Top shelf and top nosh in Luján de Cuyo
9am is the new wine o’clock.
My personal rule for drinking is that you shouldn’t have an alcoholic beverage before 12pm. Unless, of course, you have been out all night, in which case drinking in the morning is perfectly acceptable. But if you have had a good night’s sleep and woken up feeling fresh, starting to drink before 12 o’clock – beer o’clock – is stretching into alcoholics territory.
Well, on this day I broke the rules. But with good reason.
A trip to Mendoza will inevitably involve a wine tour of some description. Most people tend to go with the cheap and cheerful bike tours of neighbouring Maipú available on almost every corner in the town centre. My sister did one of these tours and she really enjoyed it, as did lots of the people I met along the way, but I had been told that you don’t really get to try that much wine on those tours and certainly not the good stuff. Lonely Planet recommends two companies that offer deluxe wine tours,
“They’re not cheap, but the benefits are obvious – small group sizes … a knowledgeable English-speaking guide … and access to some of the more exclusive (i.e. better quality) vineyards. Winemakers are much more likely to be getting the good stuff down off the top shelf for you on these tours too.”

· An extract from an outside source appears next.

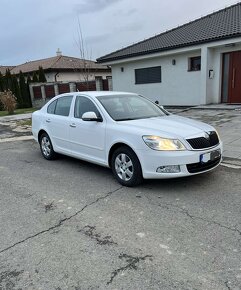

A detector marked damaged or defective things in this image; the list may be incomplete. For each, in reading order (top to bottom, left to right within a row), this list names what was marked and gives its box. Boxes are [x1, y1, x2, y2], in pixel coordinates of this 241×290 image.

cracked asphalt [0, 139, 240, 290]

My Mum had given me £100 for my birthday before I left which I was to save for something special so I decided to splash out on a tour of Luján de Cuyo with Trout and Wine. The tour cost US$165 (£106) which I thought incredibly reasonable given that included a tour and tasting of three top-end wineries as well a 4 course lunch and matching wines with unlimited top ups at a fourth bodega.